Die Enttäuschung hat Martin Stengele inzwischen verarbeitet. „Ich kann jetzt richtig einstufen, was ich erlebt habe“, sagt er. Im Nachhinein würde er ein paar Dinge anders machen, zum Beispiel mehr Flüssignahrung einpacken, weil die leicht konsumierbar ist. Vielleicht sei er auch nicht fürs Solorudern gemacht. Besonders die Nächte allein auf hoher See hinterließen einigen Eindruck. „Das hat schon einiges mit mir gemacht: Du siehst nichts, hörst aber allerhand.“ Das habe ihm schon Angst gemacht.

Was der Extremruderer erlebte, war eine psychische Grenzerfahrung. „Man denkt an sehr vieles.“ Auch an die verstorbene Schwester und den verstorbenen Vater. Auch an Jesus habe er gedacht, dabei ist er vor Jahren aus der Kirche ausgetreten. „Man sucht einen Halt.“ Im endlosen schwarzen Ozean nicht einfach.

Vor dem Start in La Gomera: Martin und sein Ruder.
Vor dem Start in La Gomera: Martin und sein Ruder. | Bild: pennybiirdandcamera, worldstoughestrow

Nicht mehr zu rudern war noch schlimmer

Auch tagsüber, wenn scheinbar alles gut läuft, kann immer etwas geschehen. „Du ruderst, hast schönes Wetter, die Sonne scheint, die Welt ist in Ordnung – aber gibt so viele Dinge, die passieren können.“ Das Wetter kann umschlagen, die Technik ausfallen. „Die Situation kann sich innerhalb von Momenten zur Katastrophe entwickeln.“ Was er davon mitnimmt in sein normales Leben: „Wenn irgendwas ansteht, dann mach es sofort.

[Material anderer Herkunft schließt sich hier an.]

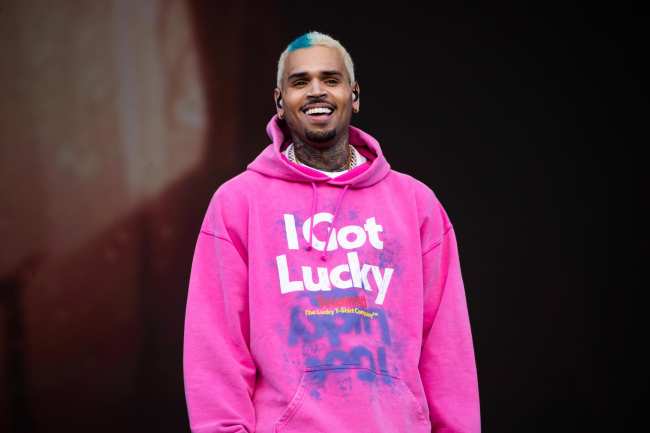 Chris Brown con una sudadera rosa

Nicht warten, man lernt sich gleich darum zu kümmern. Weil du nicht weißt, was sich daraus entwickelt.“

Am meisten zugesetzt haben ihm dann aber weder die einsamen, schwarzen Nächte, noch die extreme körperliche Anstrengung, sondern die letzte Etappe, auf der sein Ausstieg schon feststand. Zwei Tage ruderte er weiter in den Süden Richtung Kapverden, dann wurde er von der Strömung weggetrieben, Rudern machte keinen Sinn mehr.

Zum Nichtstun verdammt

Es folgten drei Tage des Abwartens, auf Position gehalten durch den Fallschirm-Treibanker, bis ihn das Segelboot einsammelte. Und auch dann musste er noch mal zweieinhalb Tage auf seinem Ruderboot ausharren, das im Schlepptau war, aber gesteuert werden musste.

„Da wollte ich nicht mehr auf dem Wasser sein“, sagt Stengele. Auf dem Boot bleiben zu müssen, sei mental sehr anstrengend gewesen. Kein Buch, um sich abzulenken. Die zusammengestellte Playlist war kürzer als gedacht. Vom ständigen Sitzen bekam er Kreuzschmerzen. Da sei er kurz davor gewesen, sich selbst aufzugeben, schildert er. Das Motto „Gib niemals auf“ sei eigentlich unvollständig. Richtiger müsste es heißen: „Gib dich niemals auf“.

Und dann ist nochmal alles anders

Am 11. Dezember war er von La Gomera losgerudert. Am 29. Dezember musste er seinen ursprünglichen Plan abbrechen. Bis zum 1. Januar ruderte er Richtung Kapverden weiter. Am 5. Januar kam er dort im Schlepptau des Seglers an.

Da schien die Reise vorbei zu sein. Seine Schwester habe von zuhause einen Rückflug für ihn gebucht. Stengele verbrachte die Tage auf der Insel damit, sein Boot in Ordnung zu bringen und für die Heimreise im Container vorzubereiten. „Es hat eine Woche gedauert, bis ich das Schaukeln losgeworden bin.“ Nebenbei machte er ein paar Bekanntschaften, fand Anschluss bei deutschen Seglern.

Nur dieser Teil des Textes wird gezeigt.